The one remedy that could have an effect on Virginia residents subject to the individual mandate would be an injunction prohibiting the federal government from enforcing the mandate against Virginia residents. Were Virginia to seek such an injunction, Virginia would be acting to protect its citizens from the operation of federal law. That is, Virginia would be acting in a parens patriae capacity. The problem with seeking this remedy, however, is that the binding Supreme Court precedent of Massachusetts v. Mellon prohibits states from suing the federal government in a parens patriae capacity–as Virginia has conceded.
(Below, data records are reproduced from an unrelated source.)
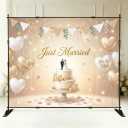 Backdrop Stand 10x8ft(WxH), Portable Photo Studio Background Stand Support Kit with Carrying Bag, Height Adjustable Banner Stand for Party, Wedding, Step and Repeat Stand for Photo Booth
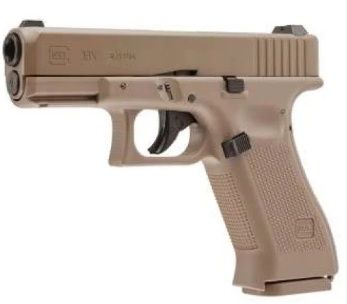 Pistola GLOCK 19X GEN5 Tan CO2 BBs Cal. .177 360fps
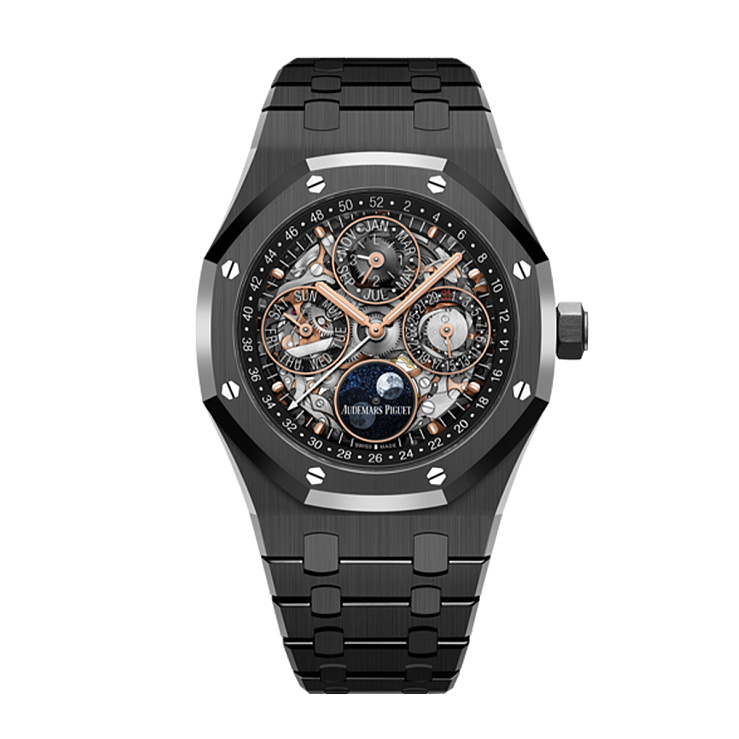 Часы Audemars Piguet  Royal Oak Perpetual Calendar 41 Skeleton Ceramic  26579CE.OO.1225CE.01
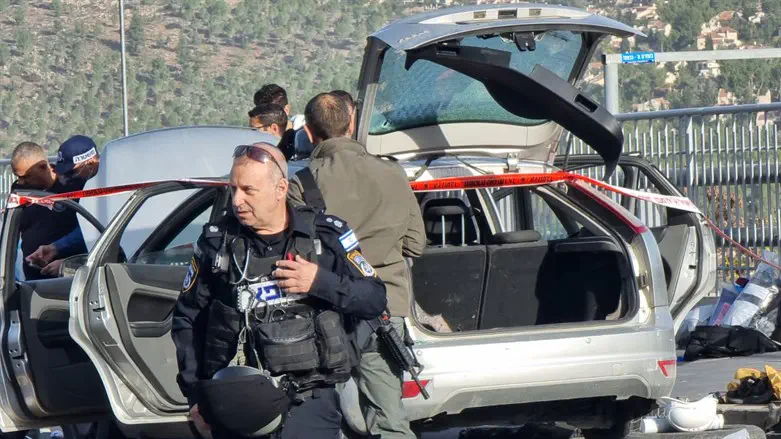 Scene of the Jerusalem terror attack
It is black-letter law that “a plaintiff must demonstrate standing separately for each form of relief sought.” DaimlerChrysler v. Cuno, 547 U.S. 332, 352 (2006). The parties in Virginia v. Sebelius vigorously contest whether Virginia’s asserted injury to its sovereignty is judicially cognizable. Even if it is, however, the injury is not redressable. Given the unavailability of the one remedy that could actually prevent the federal government from enforcing the individual mandate in Virginia, Virginia cannot show how a judgment in its favor would redress the claimed injury to its sovereignty. Because the district court judgment sets no precedent and cannot be used to prohibit the federal government from enforcing the individual mandate against Virginia residents who wish to wield it against the federal government using non-mutual offensive issue preclusion, Virginia could win (as it did in the district court) and the asserted injury to its sovereignty would remain unremedied.